10 June 2020

Former Dubai international courts head Mark Beer sets up practice in Kazakhstan

Mark Beer

Mark Beer: Kazakhstan 'one of the world's most exciting regions, connecting East and West'

Launch of Seven Pillars Law coincides with opening of Almaty disputes boutique

Mark Beer, the former chief executive of Dubai’s DIFC Courts and Dispute Resolution Authority, has launched a law firm in Kazakhstan.

The opening of Seven Pillars Law — in association with legal operations support provider GLS Group — coincides with the unveiling of the country’s first litigation boutique, Tukulov & Kassilgov.

Both moves come as mineral-rich Kazakhstan seeks to position itself as Central Asia’s commercial and legal hub following the opening of the Astana International Financial Centre (AIFC) in 2018 and the investment of $30bn in infrastructure projects over the last ten years.

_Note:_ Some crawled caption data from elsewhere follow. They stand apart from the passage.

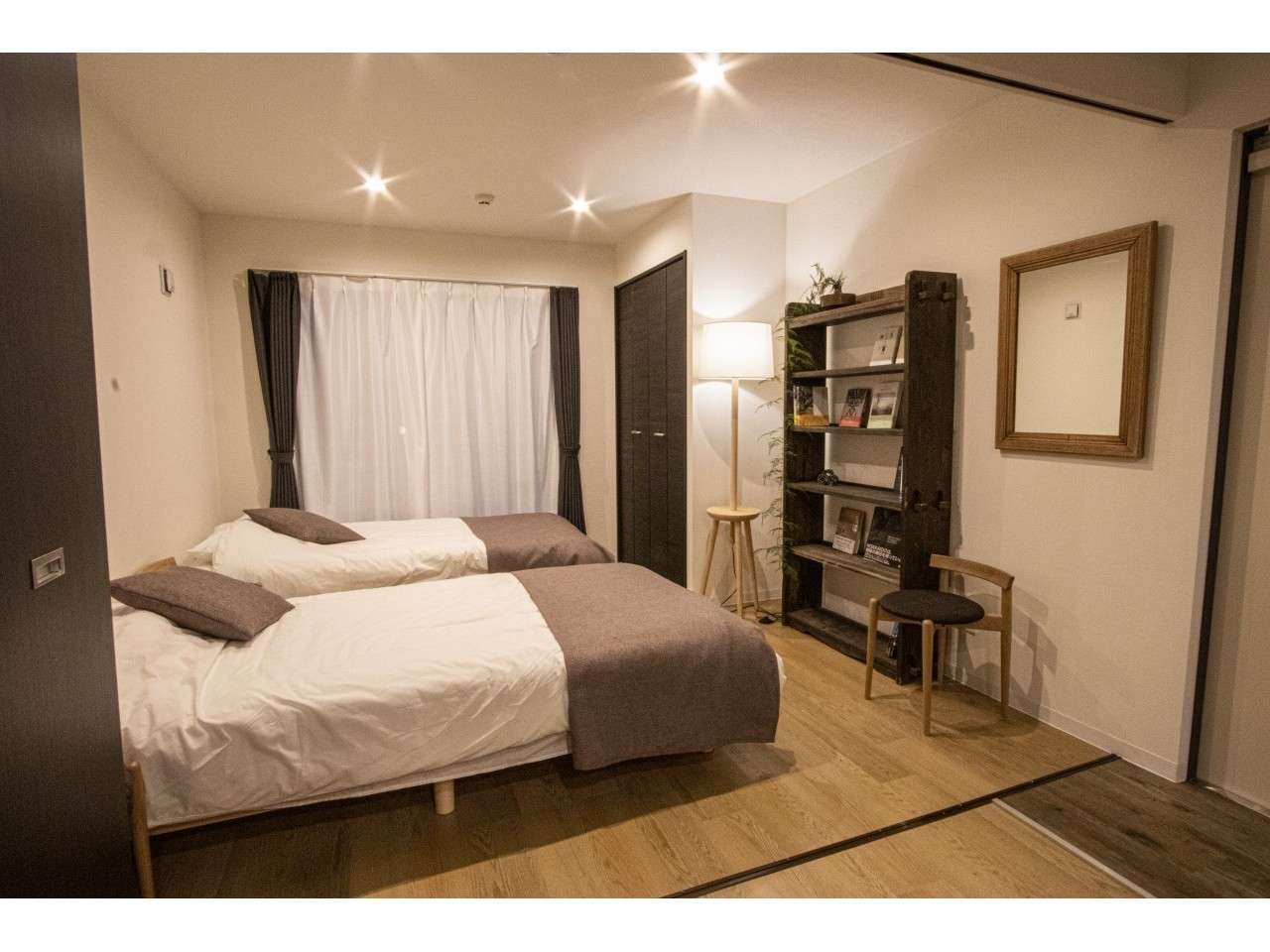 Room2Q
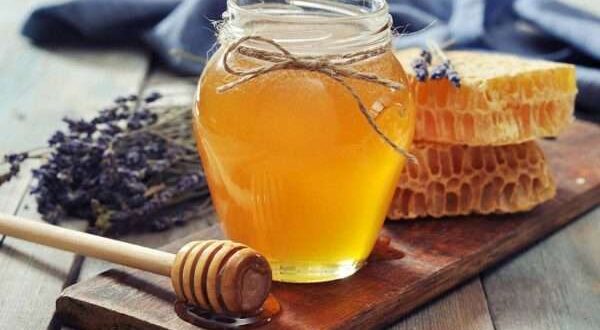 فوائد العسل على الريق للرجيم والبشرة والشعر
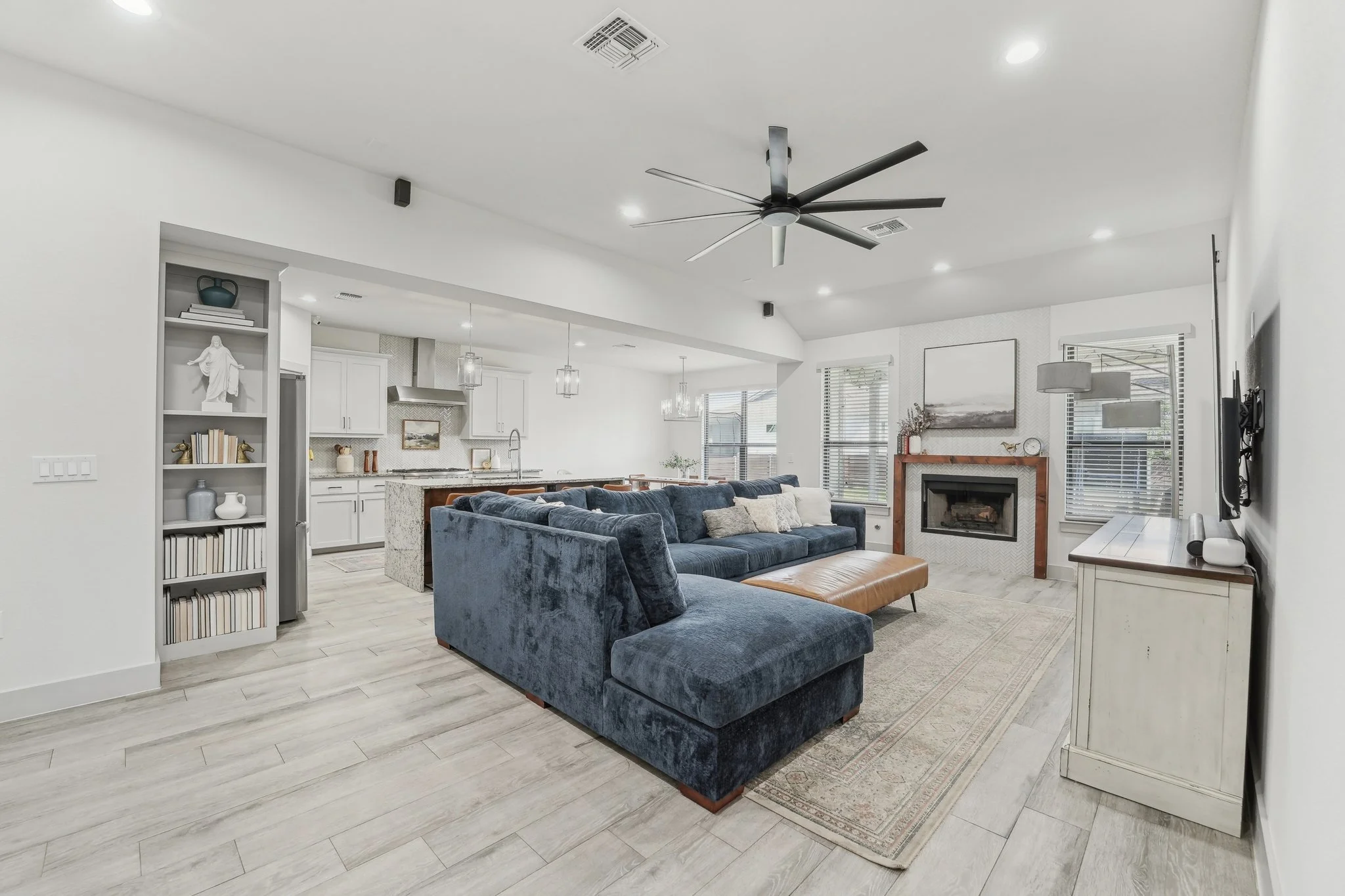 8-web-or-mls-Dax Dr-1505-008.jpg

Beer has teamed up with Kim Siegel, a managing director at Singapore-based GLS Group, to set up the practice, which will operate a virtual — or ‘decentralised’ — model and offers legal advice in corporate, finance and disputes.

Beer, who advised on the establishment of the AIFC having stepped down as chief executive of the DIFC Courts in 2018, described Central Asia as “one of the world’s most exciting regions, connecting East and West and at the heart of global trade”.

“I wanted to synthesise the modern law firm business model of being ‘distributed’, along with our focus on innovation, technology, smart contracts and blockchain, hence ‘decentralised’,” he said.

“We will have a team in Kazakhstan, and an office and meeting rooms in AIFC. Kim and I will spend time in Kazakhstan, the UK and other markets as needed. We will attend regularly, work virtually, including with local and international lawyers.”

Beer is chairman of UK judicial think-tank the Metis Institute, co-founder of the University of Oxford's Deep Technology Dispute Resolution Lab and chair of the AIFC’s LawTech panel. 

Siegel spent more than a decade working in-house at Standard Bank Group in Johannesburg, specialising in corporate governance and risk management.

Meanwhile, Tukulov & Kassilgov Litigation brings together two experienced Almaty based commercial dispute resolution lawyers: Bakhyt Tukulov and Ravil Kassilgov.

Tukulov is former head of dispute resolution at local firm GRATA International while Kassilgov has operated as a sole practitioner since 2015.

With many Kazakh independent law firms conflicted between corporate activity in the energy and infrastructure sectors, and international law firms acting for state or state-owned entities, TKL’s vision is to provide conflict-free advice that combines international experience – Tukulov spent time at legacy Dentons firm Salans – with local pricing.

‘Dispute resolution in Kazakhstan is anything but simple,’ the firm said in a statement. ‘Apart from the risk of corruption in courts, high discretion of judges, lack of consistent judicial practice on most issues of law, there are many other factors that make dispute resolution in Kazakhstan hardly predictable.’

Disputes arising out of Kazakhstan have had a major impact on the UK courts. 

The marathon $10bn Ablyazov fraud litigation, in which Hogan Lovells partner Chris Hardman advised BTA Bank was one of the largest fraud cases ever heard in the UK.

It developed more than 60 valuable precedents, including a 2015 Supreme Court decision, demonstrating the English courts’ willingness to assist enforcement of judgments against evasive judgment debtors. 

More recently, the 2020 National Bank of Kazakhstan litigation, which was heard remotely in March, involved London lawyers from Linklaters, Stewarts, King & Spalding and counsel from 3 Verulam Buildings, and Fountain Court. 

The case involved litigation against Bank of New York Mellon in a $350m claim.  

International firms with a presence in Kazakhstan include Baker McKenzie, Reed Smith, White & Case and Dentons.